Thanks for posting. I had that article in the files years ago, lost it, and its nice to have it back as a record.

Adam,

In saying "still embedded in the modern PLAYER's pathos" are you discussing the "fairness" aspect for top players, or the general idea of what an American golf course ought to look like by the average Joe Six pack?  Obviously, designing for fairness, play value, etc. is a completely different issue than designing for ease of maintenance.

When I started at KN in 1977, they often referred to Cornish and Graves writings, including something called the design triangle.  It was a graphic attempt at showing the balance of design needs between playability, aesthetics and maintenance.  They would present it to each client, and let the client tell them if it was to be an equilateral triangle, or lean on side or the other.  Their inclination, the times, the client types, whatever, had more of their triangles lean towards maintenance.

The kinds of things they (and anyone really) had to consider to make a course maintainable included:

All machine mowing:

Max 3 to 1 slopes, 4-6 to 1 preferred.
Sand bunkers at least 8 feet from green to allow triplex green mower to turn on collar
Sand bunkers - tune shapes to turning radius of both mechanical bunker rakes (about 9 feet) and outside bank mowers (similar, with a few twists once they came out with mowers that could back up, etc.)

Well, there are more, of course but I won't bore you. Suffice to say, tuning the design to then maintenance equipment available certainly did lead to a formula for design followed by most of the era.  We were lucky to have Pete Dye come along and say "come up with new maintenance equipment to maintain my designs, rather than me design to suit your maintenance equipment."  And, design was better for it.

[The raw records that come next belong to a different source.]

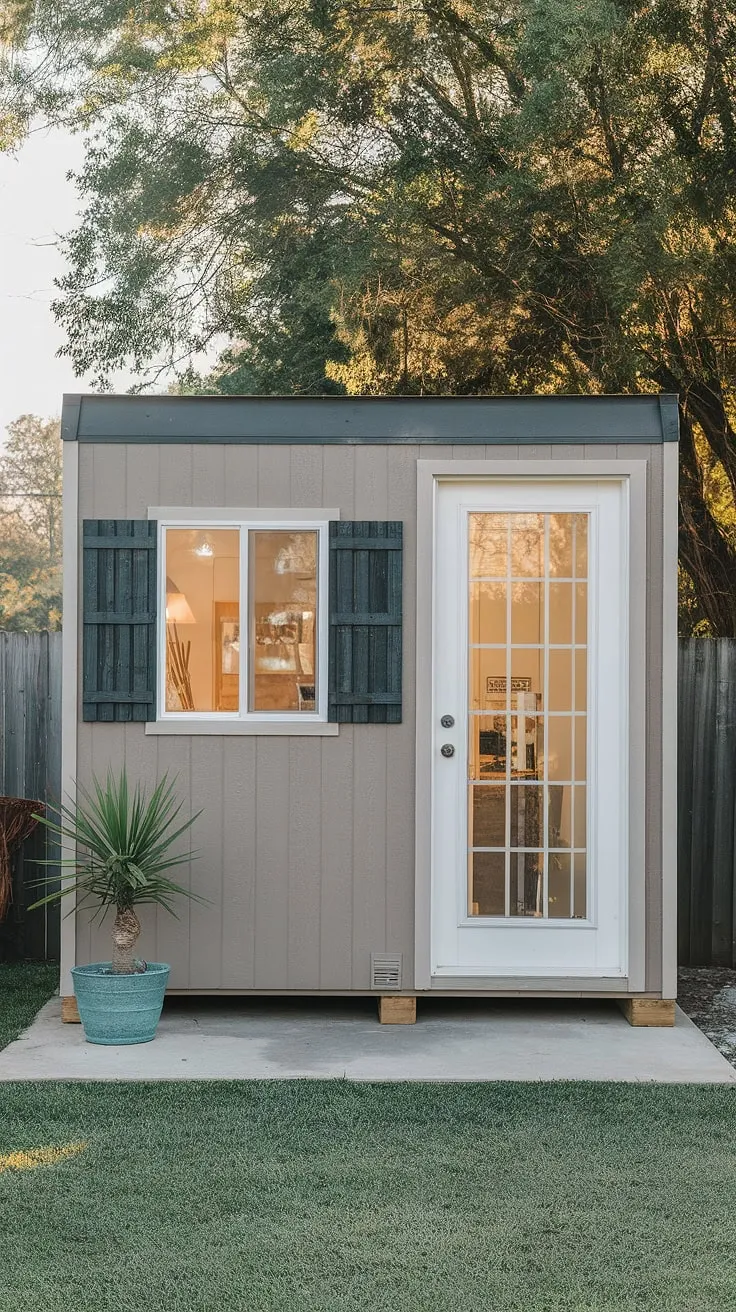 A tranquil backyard office, a prefab shed nestled on concrete, offers a peaceful workspace surrounded by nature.
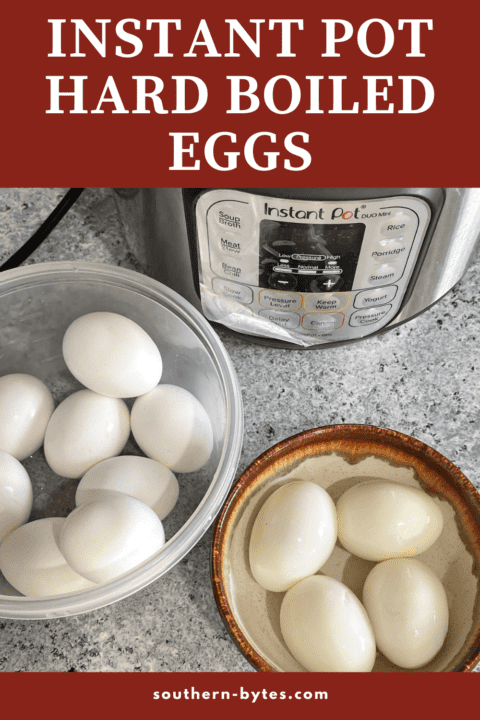 A pin image of an instant pot next to a bowl of hard boiled eggs, some peeled and some in their shell.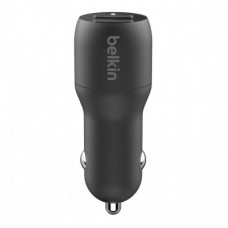 Зарядний пристрій Belkin Car Charger (24 W) Dual USB-A, USB-A — Lightning, 1 m, black (CCD001BT1MBK) - Фото
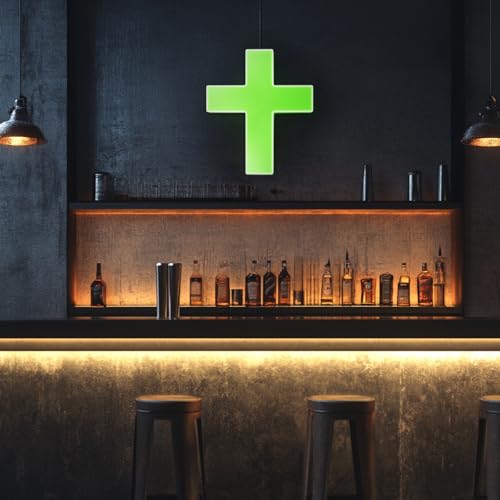Image of Anrookie 3D LED Neon Cross Sign, USB-Powered Custom Neon Light with 5-Level Dimmer, 5 Color Options, Decorative Wall Art for Home, Bedroom, Church, Party, and Gifts (9x8 in) (Emerald Green)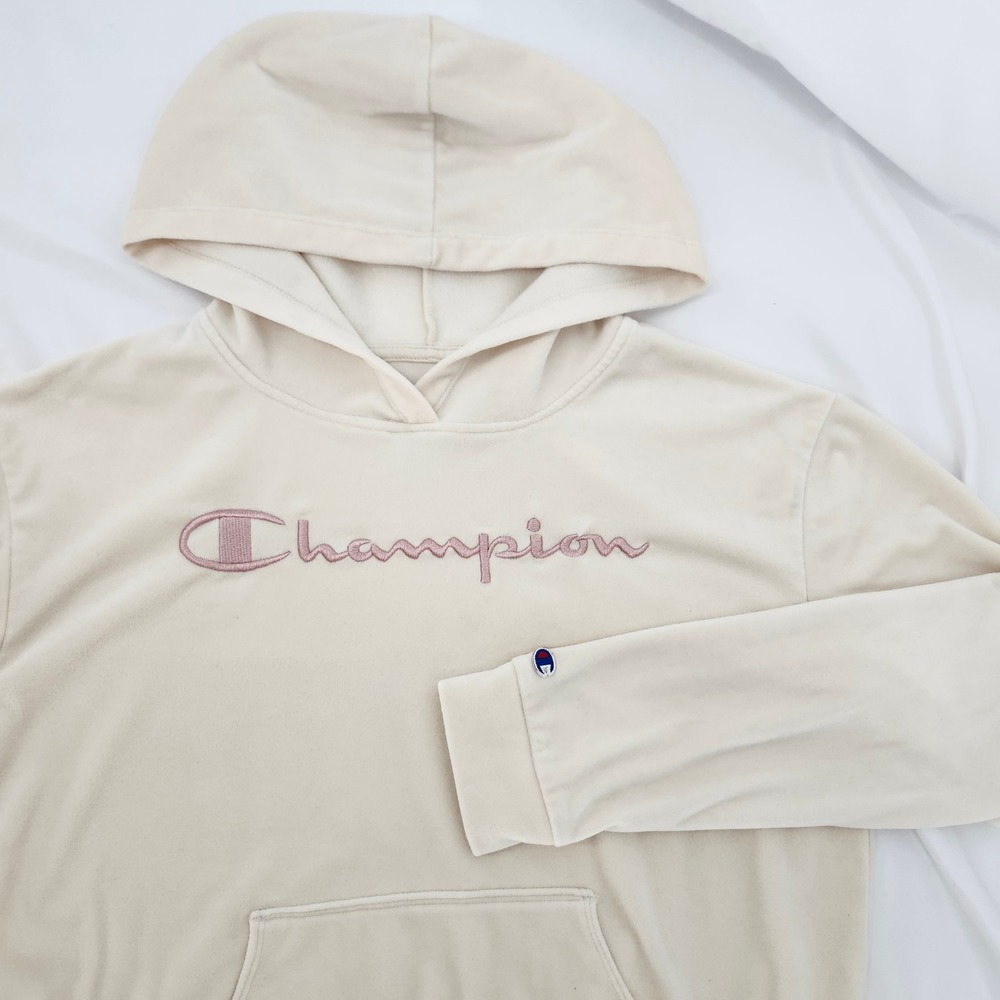 Champion Velour Cream Pink‎ Logo Hoodie Pullover Womens Small Athleisure Lounge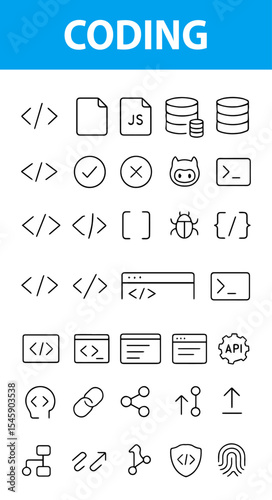 Coding and Programming Editable Line Icons,  focused on coding and software development, Code Symbol, Brackets, Terminal, Script, Bug, API, Database, Cloud, terminal window, script file, bug, database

I understand that this site is mostly dedicated to discussing the top 1% of courses (arguing whether some course should be 85 or 43, for instance) but in the real world of America's 16,000 golf courses, which have always struggled to make a go of it, designing for maintenance was, is and will be a big issue.  I believe the next generation of designs below the top will return to this type of thinking, and perhaps the 1985-2005 period of the "upscale public" and "remote destination resorts" will be an anomaly.  Sort of golf's version of everyone being a genius in a bull market.

Obviously, we won't go exactly back to that 1950's landscape architecture version of golf design, but form still needs to follow function, and truthfully, these guys designed for the conditions they had in front of them, not to emulate Scottish links, etc., in the new world.  I don't think their design responses were out of line at all, even as easy as it is to sit here 40 years later and critique  on the internet.  The times simply wouldn't have supported the upscale course in those days (and the market isn't black and white, but it wouldn't support more than a few of them in select markets)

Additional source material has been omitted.